Il y a encore des risques. James Acton, codirecteur du programme de politique nucléaire au Carnegie Endowment for International Peace à Washington DC, a souligné que ces réacteurs dépendront désormais de l’alimentation externe pour le refroidissement et que si l’alimentation est coupée et la capacité de refroidir les réacteurs est perdu, il y a un risque d’effondrement – exactement ce qui s’est passé à la centrale nucléaire japonaise de Fukushima en 2011. C’est pourquoi il est vital que les combats dans la région cessent et que le personnel soit autorisé à gérer la centrale en toute sécurité.
L’Inspection nationale de la réglementation nucléaire d’Ukraine a déclaré dans un communiqué que la perte de refroidissement « conduirait à d’importants rejets radioactifs dans l’environnement » qui pourraient être pires que Tchernobyl.
Que va-t-il se passer ensuite ?
Le directeur général de l’Agence internationale de l’énergie atomique (AIEA), Rafael Mariano Grossi, a appelé à l’arrêt des combats et a mis en garde contre un grave danger si des réacteurs étaient touchés. L’association britannique de l’industrie nucléaire a soutenu ses appels à un cessez-le-feu russe.
L’AIEA met son centre d’incidents et d’urgence (IEC) en état d’alerte maximale. Il s’agit d’une équipe de réaction rapide destinée à répondre aux incidents nucléaires, qu’ils soient accidentels ou dus à des actes délibérés.
Une centrale nucléaire a-t-elle déjà été attaquée ?
L’usine de Zaporizhzhia elle-même aurait été la cible d’une tentative d’attaque en 2014 lorsque 40 personnes prétendant être membres du groupe d’extrême droite Right Sector ont tenté d’y accéder mais ont été arrêtées par des gardes.

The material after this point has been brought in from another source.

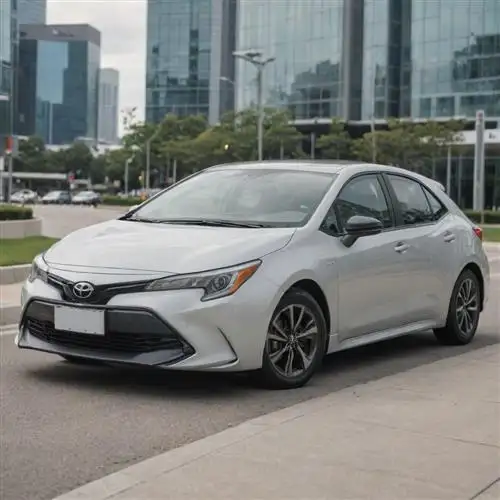 Convenience Accessories to Improve Your Corolla's Functionality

Bien que les centrales nucléaires soient une cible évidente pour les terroristes, il n’y a jamais eu d’attaque réussie contre une seule, et elles n’ont jamais été ciblées pendant la guerre – peut-être parce que les répercussions de celle-ci seraient probablement mondiales et affecteraient également l’État qui a lancé l’attaque. L’Association nucléaire mondiale affirme que, même pendant les jours tendus de la guerre froide, les centrales nucléaires n’étaient généralement pas considérées comme des cibles.
Greenpeace a une fois écrasé un drone dans une centrale nucléaire et a affirmé que cela montrait sa vulnérabilité à une attaque terroriste, mais en réalité, il faudrait une vaste explosion pour libérer des matières nucléaires.
La Russie a-t-elle enfreint le droit international ?
Tom Scott de l’Université de Bristol, au Royaume-Uni, a déclaré dans une déclaration au UK Science Media Center qu’il pensait que la Russie avait enfreint le droit international. « Le bombardement des centrales nucléaires est contraire à la Convention de Genève et c’est évidemment très inquiétant », dit-il. « Ce serait plus inquiétant si les réacteurs étaient délibérément ciblés pour provoquer un incident nucléaire. »
Les bombardements ont certainement aggravé une situation déjà extrêmement tendue. Nikolai Steinberg, un ancien ingénieur en chef de Tchernobyl, a déclaré que l’attaque montrait une « attitude immorale et barbare envers l’humanité dans son ensemble et chaque vie humaine individuellement ».